EXTRACTED DATA: Begin

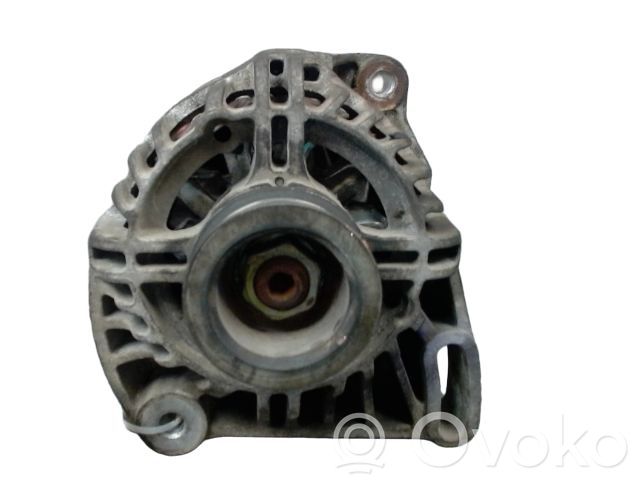 Fiat Grande Punto Generaattori/laturi 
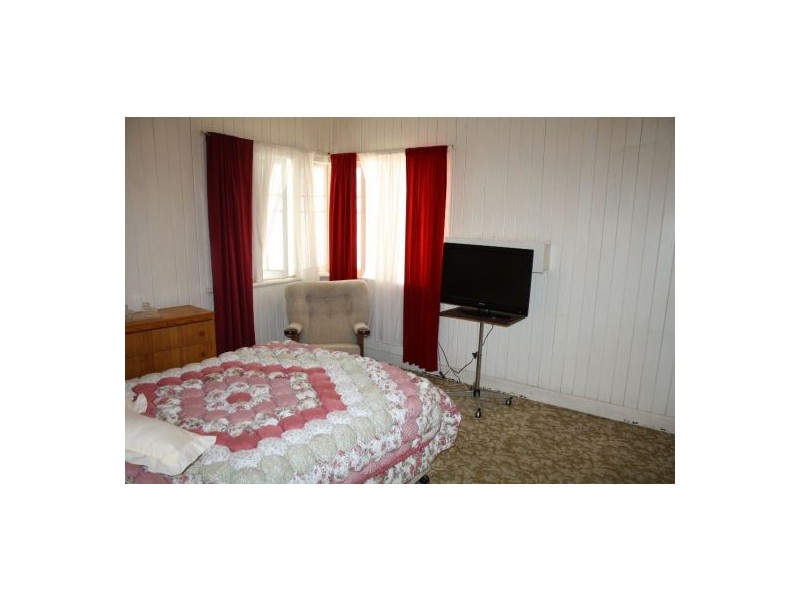 6 Wilson Street, Maryborough QLD 4650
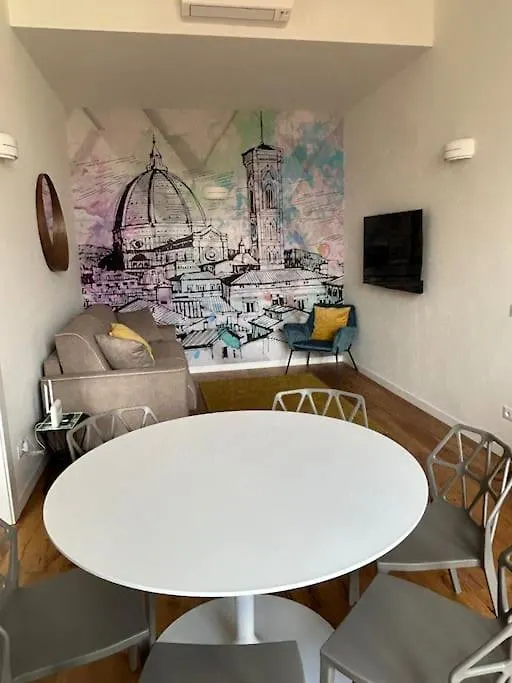 Sant'Anna Apartment Firenze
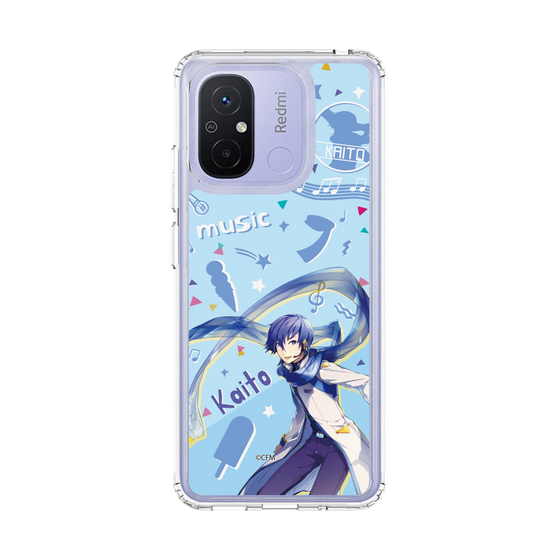 Slim Protection Case［ HATSUNE MIKU - KAITO ］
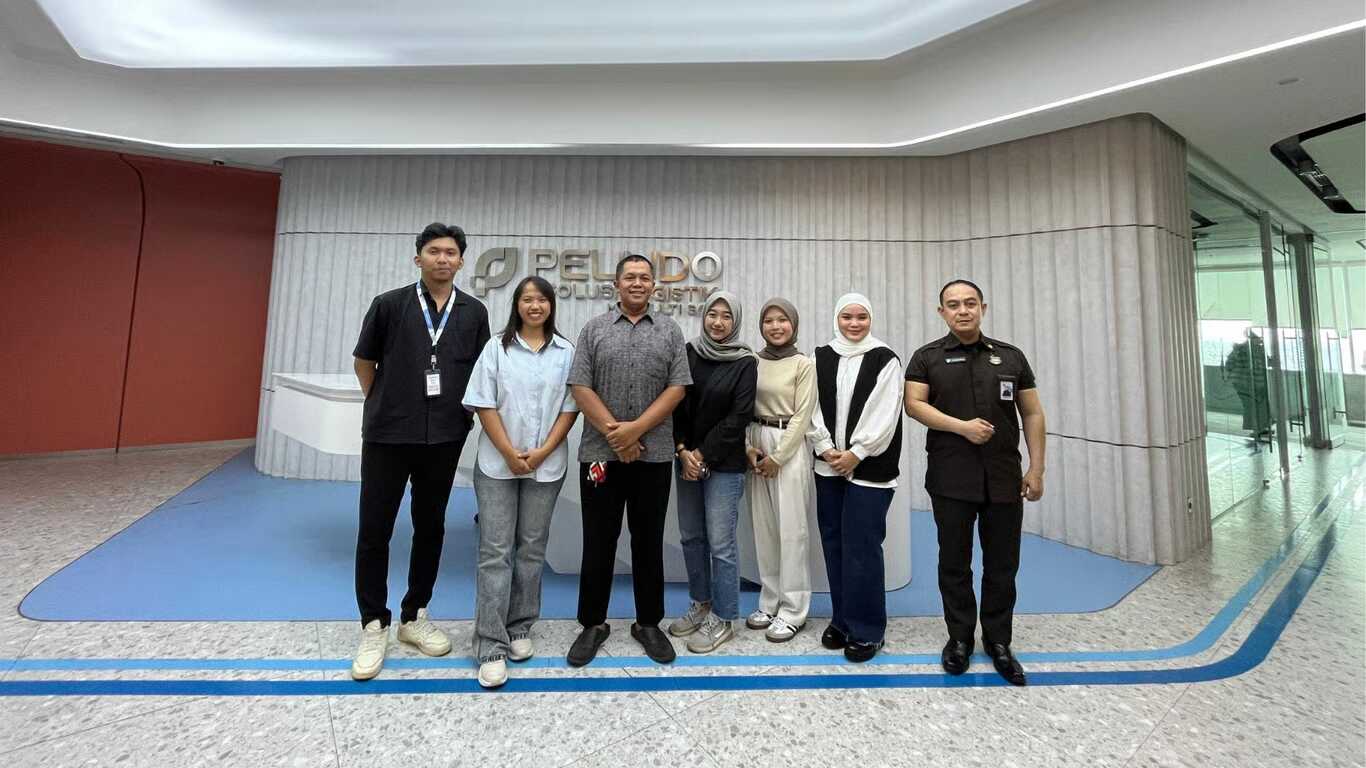 anak usaha pelindo (mti) adopsi miitel untuk modernisasi sistem komunikasi bisnis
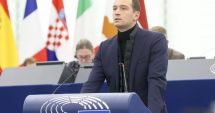 Stire din Actualitate : Jordan Bardella va conduce noul grup europarlamentar „Patrioţi pentru Europa”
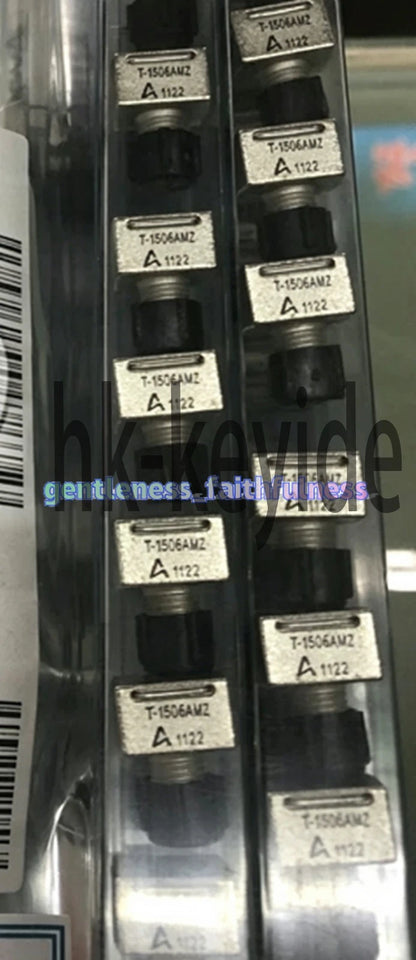1Pcs HFBR-1506AMZ Fiber Optic Transmitter T-1506AMZ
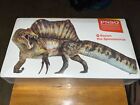 Pnso Spinosaurus Model Essien Spinosauridae Dinosaur Collector Animal Toy Gift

EXTRACTED DATA: End

## [WORK ITEM]
Exactly as written, repeat the lines from the beginning of the entries up to and including the line with "1Pcs HFBR-1506AMZ Fiber", but not the pictures.

## [EXERCISE RESULT]
 Fiat Grande Punto Generaattori/laturi 
 6 Wilson Street, Maryborough QLD 4650
 Sant'Anna Apartment Firenze
 Slim Protection Case［ HATSUNE MIKU - KAITO ］
 anak usaha pelindo (mti) adopsi miitel untuk modernisasi sistem komunikasi bisnis
 Stire din Actualitate : Jordan Bardella va conduce noul grup europarlamentar „Patrioţi pentru Europa”
1Pcs HFBR-1506AMZ Fiber Optic Transmitter T-1506AMZ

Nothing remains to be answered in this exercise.